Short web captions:
════════════════

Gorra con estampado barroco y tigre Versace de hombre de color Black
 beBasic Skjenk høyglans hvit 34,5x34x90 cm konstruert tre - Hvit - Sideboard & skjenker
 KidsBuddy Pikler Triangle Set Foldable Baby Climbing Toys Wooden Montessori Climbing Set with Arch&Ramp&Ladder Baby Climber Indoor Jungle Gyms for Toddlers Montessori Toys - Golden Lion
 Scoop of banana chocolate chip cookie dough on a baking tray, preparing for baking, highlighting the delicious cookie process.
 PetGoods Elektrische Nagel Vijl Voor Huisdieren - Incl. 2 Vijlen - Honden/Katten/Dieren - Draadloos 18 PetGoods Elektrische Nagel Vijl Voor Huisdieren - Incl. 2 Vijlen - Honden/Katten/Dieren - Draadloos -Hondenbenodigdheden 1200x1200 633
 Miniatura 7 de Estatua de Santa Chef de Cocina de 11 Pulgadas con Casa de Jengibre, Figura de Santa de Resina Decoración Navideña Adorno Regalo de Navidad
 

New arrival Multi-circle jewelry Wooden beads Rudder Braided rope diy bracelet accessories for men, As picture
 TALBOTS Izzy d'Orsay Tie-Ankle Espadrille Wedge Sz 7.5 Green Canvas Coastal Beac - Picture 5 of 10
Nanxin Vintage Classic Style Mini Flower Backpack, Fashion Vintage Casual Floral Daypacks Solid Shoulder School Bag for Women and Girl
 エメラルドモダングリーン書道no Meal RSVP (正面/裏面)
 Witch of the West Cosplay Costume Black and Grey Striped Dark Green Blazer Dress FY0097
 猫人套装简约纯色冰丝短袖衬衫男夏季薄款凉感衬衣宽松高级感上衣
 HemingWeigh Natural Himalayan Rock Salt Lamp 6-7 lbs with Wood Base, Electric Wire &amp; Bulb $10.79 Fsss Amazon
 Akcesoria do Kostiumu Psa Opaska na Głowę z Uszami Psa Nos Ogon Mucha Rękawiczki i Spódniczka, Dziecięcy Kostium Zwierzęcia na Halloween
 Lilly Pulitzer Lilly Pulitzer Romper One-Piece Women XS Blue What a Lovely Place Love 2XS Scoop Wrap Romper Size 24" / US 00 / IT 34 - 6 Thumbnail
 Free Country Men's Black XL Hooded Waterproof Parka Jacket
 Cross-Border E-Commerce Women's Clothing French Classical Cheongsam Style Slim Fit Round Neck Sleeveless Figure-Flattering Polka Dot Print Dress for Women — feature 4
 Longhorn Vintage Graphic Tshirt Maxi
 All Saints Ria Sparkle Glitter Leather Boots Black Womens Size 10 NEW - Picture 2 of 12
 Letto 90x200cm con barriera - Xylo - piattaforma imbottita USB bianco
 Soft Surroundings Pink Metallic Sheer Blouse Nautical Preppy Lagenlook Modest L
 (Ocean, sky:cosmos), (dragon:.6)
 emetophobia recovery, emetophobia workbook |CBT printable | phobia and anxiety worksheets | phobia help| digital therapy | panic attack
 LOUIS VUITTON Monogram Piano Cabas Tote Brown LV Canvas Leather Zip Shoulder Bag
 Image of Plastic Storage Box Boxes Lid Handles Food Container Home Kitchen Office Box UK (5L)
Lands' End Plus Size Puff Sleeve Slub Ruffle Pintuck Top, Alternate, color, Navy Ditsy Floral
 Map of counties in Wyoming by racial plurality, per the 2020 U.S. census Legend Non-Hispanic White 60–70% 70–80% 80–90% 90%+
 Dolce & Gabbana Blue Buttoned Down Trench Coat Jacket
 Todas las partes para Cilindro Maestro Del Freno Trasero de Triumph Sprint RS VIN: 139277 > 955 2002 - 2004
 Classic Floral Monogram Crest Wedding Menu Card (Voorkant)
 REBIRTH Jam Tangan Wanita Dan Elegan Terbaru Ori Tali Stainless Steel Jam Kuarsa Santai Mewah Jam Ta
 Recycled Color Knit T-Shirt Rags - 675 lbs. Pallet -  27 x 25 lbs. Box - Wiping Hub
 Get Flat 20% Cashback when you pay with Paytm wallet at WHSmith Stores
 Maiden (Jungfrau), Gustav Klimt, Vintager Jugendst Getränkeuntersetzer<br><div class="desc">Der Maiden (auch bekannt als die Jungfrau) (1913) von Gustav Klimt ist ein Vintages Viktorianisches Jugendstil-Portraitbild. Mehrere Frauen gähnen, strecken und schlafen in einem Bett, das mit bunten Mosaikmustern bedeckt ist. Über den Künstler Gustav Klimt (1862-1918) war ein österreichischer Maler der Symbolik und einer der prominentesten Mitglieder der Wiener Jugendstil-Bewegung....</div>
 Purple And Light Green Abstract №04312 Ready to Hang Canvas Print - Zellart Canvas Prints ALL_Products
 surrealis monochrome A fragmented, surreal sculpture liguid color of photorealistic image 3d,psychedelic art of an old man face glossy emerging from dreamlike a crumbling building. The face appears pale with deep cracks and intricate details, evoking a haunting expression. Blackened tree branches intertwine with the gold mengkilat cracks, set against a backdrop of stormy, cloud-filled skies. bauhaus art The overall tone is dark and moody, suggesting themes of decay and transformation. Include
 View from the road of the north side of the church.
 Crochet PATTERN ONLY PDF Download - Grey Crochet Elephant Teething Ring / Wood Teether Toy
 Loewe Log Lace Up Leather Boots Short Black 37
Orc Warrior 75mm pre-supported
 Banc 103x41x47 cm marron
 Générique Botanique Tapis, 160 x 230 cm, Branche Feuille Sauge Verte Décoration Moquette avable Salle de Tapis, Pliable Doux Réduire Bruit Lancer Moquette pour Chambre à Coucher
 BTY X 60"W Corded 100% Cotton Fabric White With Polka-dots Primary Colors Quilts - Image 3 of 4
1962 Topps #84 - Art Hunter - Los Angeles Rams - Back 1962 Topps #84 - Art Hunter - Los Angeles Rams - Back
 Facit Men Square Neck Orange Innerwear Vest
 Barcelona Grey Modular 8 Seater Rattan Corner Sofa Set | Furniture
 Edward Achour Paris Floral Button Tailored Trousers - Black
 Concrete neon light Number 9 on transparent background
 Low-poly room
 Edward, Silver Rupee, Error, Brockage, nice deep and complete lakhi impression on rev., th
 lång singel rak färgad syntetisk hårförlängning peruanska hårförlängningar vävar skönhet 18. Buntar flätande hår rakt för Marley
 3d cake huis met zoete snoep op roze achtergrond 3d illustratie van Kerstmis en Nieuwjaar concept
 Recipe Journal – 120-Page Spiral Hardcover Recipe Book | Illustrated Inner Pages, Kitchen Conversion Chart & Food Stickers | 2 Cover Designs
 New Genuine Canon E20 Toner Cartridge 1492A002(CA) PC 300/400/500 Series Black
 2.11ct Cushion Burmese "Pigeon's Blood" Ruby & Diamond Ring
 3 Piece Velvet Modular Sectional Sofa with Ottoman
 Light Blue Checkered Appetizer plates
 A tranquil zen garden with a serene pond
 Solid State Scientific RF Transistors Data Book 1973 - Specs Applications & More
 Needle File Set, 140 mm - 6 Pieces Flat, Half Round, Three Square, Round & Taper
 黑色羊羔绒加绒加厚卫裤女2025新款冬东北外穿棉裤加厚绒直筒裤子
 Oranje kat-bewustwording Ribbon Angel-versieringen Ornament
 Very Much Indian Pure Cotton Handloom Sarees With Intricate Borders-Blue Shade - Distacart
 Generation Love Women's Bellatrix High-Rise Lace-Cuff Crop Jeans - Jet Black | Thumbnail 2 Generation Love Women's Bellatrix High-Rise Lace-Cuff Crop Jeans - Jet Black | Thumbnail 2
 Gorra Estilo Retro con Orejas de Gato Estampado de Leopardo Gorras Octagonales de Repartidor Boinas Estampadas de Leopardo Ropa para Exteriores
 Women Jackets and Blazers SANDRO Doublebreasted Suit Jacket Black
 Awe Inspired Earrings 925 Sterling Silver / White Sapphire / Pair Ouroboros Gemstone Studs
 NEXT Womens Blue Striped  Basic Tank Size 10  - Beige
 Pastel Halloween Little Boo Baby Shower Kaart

════════════════

[Exercise prompt]: Exactly as they appear above, output the lines of the data from the first through the one that contains "KidsBuddy Pikler Triangle", and only those lines.

[Exercise output]:
Gorra con estampado barroco y tigre Versace de hombre de color Black
 beBasic Skjenk høyglans hvit 34,5x34x90 cm konstruert tre - Hvit - Sideboard & skjenker
 KidsBuddy Pikler Triangle Set Foldable Baby Climbing Toys Wooden Montessori Climbing Set with Arch&Ramp&Ladder Baby Climber Indoor Jungle Gyms for Toddlers Montessori Toys - Golden Lion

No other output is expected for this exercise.